It's a rare candidate for the Metropolitan Water Reclamation District who doesn't endorse green infrastructure.
Everything from rain gardens and barrels to bioswales to permeable pavers have emerged as ideas to conserve water from the eight candidates running for three positions in the Nov. 6 election.
But do they practice what they preach at home? Here's a look at what Debra Shore of Evanston and Chicagoans Dave Ehrlich, Nasrin Khalili, Karen Roothaan, Carl Segvich, Kari Steele and Patrick Thompson do to save water. Candidate Harold "Noonie" Washington, a Republican, did not respond to efforts by the Daily Herald to contact him.

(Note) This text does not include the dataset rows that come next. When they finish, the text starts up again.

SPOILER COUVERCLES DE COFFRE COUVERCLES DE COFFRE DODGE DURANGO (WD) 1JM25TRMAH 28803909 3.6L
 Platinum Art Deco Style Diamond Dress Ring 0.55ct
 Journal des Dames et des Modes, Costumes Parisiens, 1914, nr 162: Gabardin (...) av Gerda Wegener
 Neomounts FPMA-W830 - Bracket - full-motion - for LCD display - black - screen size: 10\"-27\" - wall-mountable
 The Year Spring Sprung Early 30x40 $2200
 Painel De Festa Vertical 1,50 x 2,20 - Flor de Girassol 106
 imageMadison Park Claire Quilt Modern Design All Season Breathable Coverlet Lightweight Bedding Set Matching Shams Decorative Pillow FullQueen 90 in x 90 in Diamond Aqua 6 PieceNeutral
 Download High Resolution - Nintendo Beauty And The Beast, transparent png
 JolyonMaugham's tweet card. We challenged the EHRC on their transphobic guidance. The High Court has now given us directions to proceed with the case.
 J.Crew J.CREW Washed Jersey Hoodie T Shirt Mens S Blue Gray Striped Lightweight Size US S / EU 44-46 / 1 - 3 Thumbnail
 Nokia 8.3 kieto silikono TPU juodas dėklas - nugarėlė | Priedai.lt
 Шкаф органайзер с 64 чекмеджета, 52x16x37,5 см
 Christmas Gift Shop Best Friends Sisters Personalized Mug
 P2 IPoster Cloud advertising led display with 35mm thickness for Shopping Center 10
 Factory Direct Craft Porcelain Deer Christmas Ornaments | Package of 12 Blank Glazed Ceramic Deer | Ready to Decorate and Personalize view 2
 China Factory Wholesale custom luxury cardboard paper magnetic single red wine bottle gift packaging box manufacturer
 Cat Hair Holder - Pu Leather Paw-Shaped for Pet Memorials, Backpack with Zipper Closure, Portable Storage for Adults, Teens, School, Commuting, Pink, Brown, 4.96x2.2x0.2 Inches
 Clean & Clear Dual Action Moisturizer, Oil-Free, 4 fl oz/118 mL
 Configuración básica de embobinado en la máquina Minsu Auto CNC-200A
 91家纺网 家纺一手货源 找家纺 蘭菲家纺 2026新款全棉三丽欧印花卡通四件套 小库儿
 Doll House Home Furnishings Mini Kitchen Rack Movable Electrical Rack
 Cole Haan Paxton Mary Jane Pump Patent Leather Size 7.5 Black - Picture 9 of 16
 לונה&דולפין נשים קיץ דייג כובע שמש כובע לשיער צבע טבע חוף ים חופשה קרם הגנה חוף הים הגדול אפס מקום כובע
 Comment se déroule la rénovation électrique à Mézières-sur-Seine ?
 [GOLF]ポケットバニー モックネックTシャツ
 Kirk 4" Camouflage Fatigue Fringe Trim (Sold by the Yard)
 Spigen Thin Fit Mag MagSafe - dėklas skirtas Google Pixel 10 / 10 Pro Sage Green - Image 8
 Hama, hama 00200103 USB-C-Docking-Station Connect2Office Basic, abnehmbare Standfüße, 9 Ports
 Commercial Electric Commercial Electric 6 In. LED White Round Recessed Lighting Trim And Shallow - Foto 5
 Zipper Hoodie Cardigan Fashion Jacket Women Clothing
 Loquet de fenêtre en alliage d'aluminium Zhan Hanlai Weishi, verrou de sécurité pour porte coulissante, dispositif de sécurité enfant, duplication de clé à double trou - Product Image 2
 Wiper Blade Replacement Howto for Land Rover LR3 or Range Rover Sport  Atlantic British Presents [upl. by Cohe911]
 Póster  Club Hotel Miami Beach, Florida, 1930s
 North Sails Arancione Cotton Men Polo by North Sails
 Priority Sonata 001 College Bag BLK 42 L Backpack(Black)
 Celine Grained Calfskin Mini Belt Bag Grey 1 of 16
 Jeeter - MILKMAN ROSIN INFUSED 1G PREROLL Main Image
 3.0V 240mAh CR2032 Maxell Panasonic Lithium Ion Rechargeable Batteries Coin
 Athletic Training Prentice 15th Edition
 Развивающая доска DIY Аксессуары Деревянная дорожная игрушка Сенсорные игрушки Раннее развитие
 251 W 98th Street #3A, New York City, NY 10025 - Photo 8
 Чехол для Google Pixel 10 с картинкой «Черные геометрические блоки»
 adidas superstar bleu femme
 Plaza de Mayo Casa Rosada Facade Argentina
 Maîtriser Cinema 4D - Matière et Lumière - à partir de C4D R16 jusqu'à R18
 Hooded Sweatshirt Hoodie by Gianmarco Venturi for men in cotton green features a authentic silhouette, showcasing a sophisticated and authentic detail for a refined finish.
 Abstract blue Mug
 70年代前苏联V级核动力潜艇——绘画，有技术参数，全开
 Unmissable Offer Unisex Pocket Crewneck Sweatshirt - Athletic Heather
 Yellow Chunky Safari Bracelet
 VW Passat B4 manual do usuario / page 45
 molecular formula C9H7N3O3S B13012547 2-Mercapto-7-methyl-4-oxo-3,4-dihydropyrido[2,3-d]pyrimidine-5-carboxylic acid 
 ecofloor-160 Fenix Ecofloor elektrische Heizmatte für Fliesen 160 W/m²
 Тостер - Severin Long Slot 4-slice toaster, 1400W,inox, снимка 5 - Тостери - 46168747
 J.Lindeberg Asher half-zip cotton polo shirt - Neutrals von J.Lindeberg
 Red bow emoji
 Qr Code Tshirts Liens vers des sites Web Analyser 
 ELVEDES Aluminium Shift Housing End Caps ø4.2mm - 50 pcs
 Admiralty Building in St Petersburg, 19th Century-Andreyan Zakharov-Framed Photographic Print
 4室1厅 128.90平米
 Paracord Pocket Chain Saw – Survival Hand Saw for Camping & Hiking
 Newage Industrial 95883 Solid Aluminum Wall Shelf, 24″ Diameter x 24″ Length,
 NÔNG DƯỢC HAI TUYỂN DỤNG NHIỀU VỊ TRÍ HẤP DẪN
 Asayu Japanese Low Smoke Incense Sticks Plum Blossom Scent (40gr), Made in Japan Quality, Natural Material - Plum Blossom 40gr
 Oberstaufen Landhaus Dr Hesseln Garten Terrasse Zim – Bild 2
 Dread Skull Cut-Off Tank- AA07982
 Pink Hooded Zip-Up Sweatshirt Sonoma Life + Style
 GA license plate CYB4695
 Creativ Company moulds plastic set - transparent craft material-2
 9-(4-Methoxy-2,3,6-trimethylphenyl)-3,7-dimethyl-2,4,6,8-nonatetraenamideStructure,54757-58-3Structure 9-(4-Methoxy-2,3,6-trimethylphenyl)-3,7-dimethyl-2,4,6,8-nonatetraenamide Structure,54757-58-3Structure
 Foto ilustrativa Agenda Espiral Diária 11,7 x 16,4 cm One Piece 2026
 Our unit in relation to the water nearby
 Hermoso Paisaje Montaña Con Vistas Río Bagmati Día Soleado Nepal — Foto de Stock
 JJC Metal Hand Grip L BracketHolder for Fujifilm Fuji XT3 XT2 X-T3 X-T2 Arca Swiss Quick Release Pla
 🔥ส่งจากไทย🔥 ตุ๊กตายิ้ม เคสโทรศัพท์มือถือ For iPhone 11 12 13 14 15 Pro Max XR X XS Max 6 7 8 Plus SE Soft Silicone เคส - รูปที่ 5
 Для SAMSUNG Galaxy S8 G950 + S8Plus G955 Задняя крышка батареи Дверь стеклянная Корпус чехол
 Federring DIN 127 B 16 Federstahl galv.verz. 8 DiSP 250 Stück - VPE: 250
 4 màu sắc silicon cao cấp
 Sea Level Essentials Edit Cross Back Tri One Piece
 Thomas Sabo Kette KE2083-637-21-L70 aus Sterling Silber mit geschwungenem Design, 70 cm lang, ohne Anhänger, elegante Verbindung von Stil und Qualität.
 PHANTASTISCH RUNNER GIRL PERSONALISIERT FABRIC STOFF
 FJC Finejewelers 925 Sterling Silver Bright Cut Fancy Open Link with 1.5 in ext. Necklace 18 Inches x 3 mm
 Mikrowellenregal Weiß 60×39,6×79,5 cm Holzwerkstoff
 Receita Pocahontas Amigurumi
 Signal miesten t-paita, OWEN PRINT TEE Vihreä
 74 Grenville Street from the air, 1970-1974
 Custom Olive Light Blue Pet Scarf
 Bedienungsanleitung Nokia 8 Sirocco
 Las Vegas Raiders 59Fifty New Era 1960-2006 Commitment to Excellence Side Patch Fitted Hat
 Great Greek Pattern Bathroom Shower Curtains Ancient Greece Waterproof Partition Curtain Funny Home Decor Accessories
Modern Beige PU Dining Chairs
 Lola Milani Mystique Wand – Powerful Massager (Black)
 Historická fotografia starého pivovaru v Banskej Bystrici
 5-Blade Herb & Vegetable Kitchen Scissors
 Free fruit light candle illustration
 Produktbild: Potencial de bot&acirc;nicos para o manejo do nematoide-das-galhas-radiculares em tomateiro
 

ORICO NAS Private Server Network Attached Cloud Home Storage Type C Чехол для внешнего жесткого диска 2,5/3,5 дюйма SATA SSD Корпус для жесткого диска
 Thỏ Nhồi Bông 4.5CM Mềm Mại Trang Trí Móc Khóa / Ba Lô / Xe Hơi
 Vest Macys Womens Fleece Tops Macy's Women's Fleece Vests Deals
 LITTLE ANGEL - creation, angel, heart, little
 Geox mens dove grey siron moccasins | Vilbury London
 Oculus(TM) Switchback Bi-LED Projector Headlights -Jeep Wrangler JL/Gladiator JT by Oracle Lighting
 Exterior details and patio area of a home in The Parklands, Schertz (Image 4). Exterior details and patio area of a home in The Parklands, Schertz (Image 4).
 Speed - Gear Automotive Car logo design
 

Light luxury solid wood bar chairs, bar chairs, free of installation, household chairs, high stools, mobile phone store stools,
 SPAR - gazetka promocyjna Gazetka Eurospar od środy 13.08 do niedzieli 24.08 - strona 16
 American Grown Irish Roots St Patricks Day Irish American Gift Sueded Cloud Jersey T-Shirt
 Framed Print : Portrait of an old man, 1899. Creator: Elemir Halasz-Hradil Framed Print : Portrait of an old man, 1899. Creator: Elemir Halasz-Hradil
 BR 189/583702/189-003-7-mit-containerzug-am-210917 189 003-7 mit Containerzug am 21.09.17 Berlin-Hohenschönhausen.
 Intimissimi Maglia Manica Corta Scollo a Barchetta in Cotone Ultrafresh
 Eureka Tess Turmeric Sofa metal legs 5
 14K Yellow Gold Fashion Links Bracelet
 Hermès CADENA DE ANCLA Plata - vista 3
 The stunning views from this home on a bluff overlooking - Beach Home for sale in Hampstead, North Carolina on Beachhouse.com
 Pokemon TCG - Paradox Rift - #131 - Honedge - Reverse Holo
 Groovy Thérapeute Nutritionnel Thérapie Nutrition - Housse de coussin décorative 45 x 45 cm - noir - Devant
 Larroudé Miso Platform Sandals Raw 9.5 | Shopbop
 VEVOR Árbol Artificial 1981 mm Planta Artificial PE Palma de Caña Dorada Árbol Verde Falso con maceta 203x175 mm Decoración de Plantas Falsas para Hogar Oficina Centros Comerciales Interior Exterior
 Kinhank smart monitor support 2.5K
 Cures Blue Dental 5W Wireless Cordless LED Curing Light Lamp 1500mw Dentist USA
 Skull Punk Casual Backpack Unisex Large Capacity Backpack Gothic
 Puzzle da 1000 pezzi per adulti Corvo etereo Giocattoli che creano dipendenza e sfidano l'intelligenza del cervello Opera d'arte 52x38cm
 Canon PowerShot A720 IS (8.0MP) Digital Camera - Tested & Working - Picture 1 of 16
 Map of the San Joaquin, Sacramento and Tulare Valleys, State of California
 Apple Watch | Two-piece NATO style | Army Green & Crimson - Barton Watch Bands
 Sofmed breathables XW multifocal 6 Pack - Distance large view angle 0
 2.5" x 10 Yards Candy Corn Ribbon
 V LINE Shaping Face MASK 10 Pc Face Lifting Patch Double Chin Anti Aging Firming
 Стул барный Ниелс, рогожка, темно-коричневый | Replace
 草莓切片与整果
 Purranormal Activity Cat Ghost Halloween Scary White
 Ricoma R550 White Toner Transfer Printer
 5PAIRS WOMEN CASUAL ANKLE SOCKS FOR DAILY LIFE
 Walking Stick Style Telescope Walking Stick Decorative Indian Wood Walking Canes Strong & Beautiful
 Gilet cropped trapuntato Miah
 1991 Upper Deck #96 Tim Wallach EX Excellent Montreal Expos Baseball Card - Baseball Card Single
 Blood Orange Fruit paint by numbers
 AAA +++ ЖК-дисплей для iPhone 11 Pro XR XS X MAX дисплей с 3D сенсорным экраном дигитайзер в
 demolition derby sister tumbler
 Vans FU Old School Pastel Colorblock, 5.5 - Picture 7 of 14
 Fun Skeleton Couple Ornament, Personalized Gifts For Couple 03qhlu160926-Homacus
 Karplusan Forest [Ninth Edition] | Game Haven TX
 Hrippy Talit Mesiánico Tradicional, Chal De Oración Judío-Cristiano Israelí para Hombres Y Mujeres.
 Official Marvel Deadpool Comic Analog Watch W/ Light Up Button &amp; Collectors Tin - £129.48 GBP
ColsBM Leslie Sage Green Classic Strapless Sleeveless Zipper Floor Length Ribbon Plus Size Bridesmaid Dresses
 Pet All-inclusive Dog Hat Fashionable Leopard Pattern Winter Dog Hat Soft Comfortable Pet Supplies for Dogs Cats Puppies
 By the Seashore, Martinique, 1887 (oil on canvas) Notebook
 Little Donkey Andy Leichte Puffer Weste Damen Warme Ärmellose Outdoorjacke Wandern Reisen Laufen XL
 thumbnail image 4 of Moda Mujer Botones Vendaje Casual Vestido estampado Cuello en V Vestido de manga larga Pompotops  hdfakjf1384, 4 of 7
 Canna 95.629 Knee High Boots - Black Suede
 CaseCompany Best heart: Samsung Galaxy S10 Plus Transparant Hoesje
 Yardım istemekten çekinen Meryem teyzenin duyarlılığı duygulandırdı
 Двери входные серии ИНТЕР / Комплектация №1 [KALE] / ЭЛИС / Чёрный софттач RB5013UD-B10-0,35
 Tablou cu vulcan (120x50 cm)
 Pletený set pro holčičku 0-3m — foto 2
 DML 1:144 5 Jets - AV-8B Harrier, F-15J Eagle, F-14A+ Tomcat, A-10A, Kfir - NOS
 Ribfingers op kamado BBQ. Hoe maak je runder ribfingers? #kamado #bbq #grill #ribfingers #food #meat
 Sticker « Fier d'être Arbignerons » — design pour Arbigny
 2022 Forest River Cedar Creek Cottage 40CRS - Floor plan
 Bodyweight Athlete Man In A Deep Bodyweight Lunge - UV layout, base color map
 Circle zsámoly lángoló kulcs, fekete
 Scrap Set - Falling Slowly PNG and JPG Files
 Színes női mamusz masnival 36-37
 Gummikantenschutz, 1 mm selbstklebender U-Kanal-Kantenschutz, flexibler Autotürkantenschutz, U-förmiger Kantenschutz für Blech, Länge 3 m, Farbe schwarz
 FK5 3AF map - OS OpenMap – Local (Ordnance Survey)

Incumbent Democrat Shore, 60, takes 5-minute showers and has a rain barrel. In addition, "I use a bucket in my shower to collect the water as it warms up every morning and I use that to water my garden. We also installed dual flush toilets," she said.
Democrat Steele, a 37-year-old chemist, removed a concrete slab in her back yard when she moved in. "I know it's a huge problem as far as stormwater runoff," she said. Steele also puts a brick in her toilet tank and washes her dishes by hand.
Attorney Thompson, a 43-year-old Democrat, has a rain barrel and said he "drives my kids crazy" by checking that they take short showers and don't run water continuously while brushing their teeth.
Green Party member Ehrlich, a 54-year-old environmental management assistant professor at Illinois Institute of Technology, is trying to convince his condo board to conduct an energy audit. He subscribes to the toilet tank brick, the 5-minute shower timer and "I have an aerator on my faucet that slows down the water flow."
Green Party member Roothaan, a 59-year-old teacher, has three rain barrels. "It's still very much a work in progress," she said. Roothaan also flushes her toilet with discarded dishwater and participates in the city's MeterSave conservation program.
Green Party member Nasrin Khalili, a 57-year-old IIT environmental management associate professor, said in an email that "we usually use our washer and dryers during off-peak hours to conserve both water and energy. Most of my plants are also those which require a very small amount of water as they store water in their fleshy leaves."
Carl Segvich, a 50-year-old Republican committeeman, said in an email that "I am conscientious (about) not using more water than is necessary. That includes the water hose, bath tub, faucets and toilet."